◆ **Problem to work on**: Beginning with the line that holds "Casco Jet Ls2 Of603 Infinity II C Urus Red" and finishing with the line that holds "9789402064735 - Praktische", repeat the listing exactly, leaving every picture out.

◆ **Information**:
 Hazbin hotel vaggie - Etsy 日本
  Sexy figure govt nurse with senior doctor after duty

--

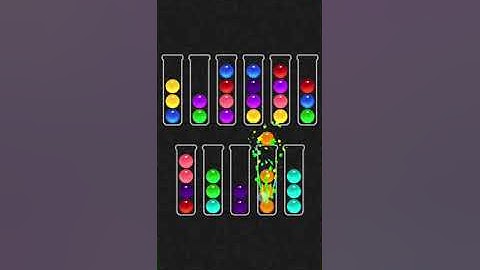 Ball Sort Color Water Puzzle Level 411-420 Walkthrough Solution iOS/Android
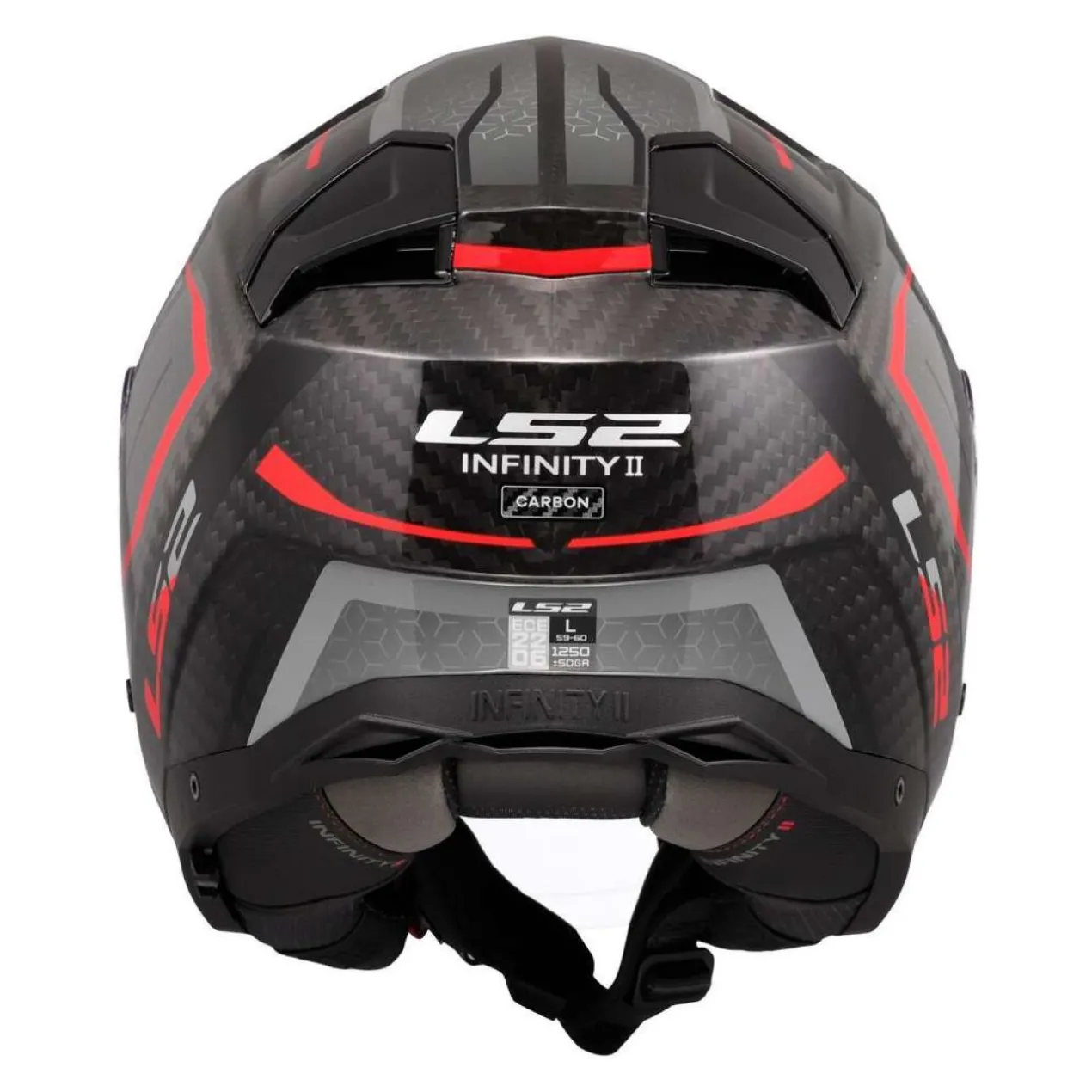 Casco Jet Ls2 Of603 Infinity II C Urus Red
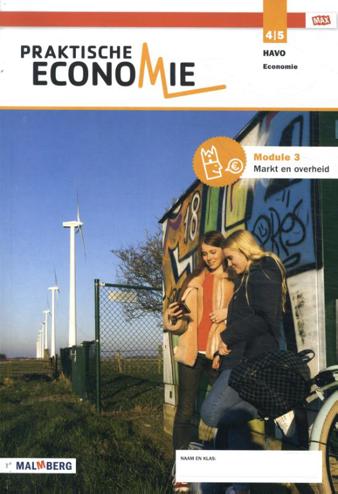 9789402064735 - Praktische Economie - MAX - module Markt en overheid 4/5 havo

...

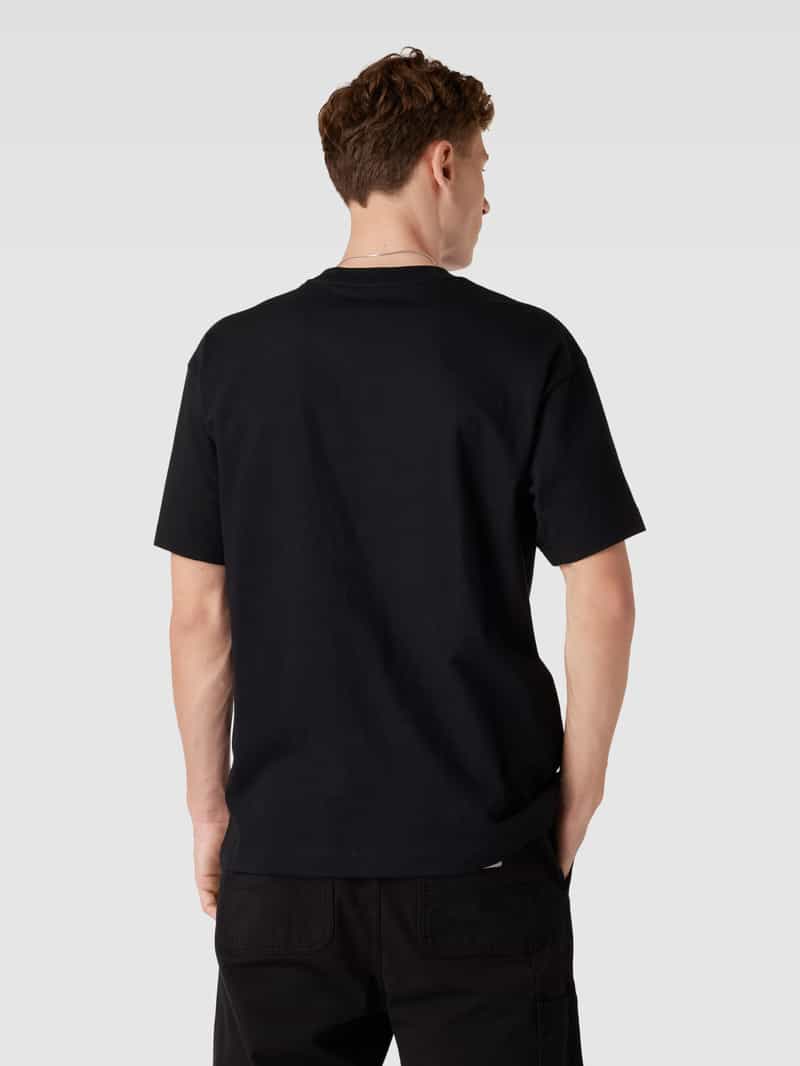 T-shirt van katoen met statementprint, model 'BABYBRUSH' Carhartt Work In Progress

◆ **Your response**:
 Casco Jet Ls2 Of603 Infinity II C Urus Red
 9789402064735 - Praktische Economie - MAX - module Markt en overheid 4/5 havo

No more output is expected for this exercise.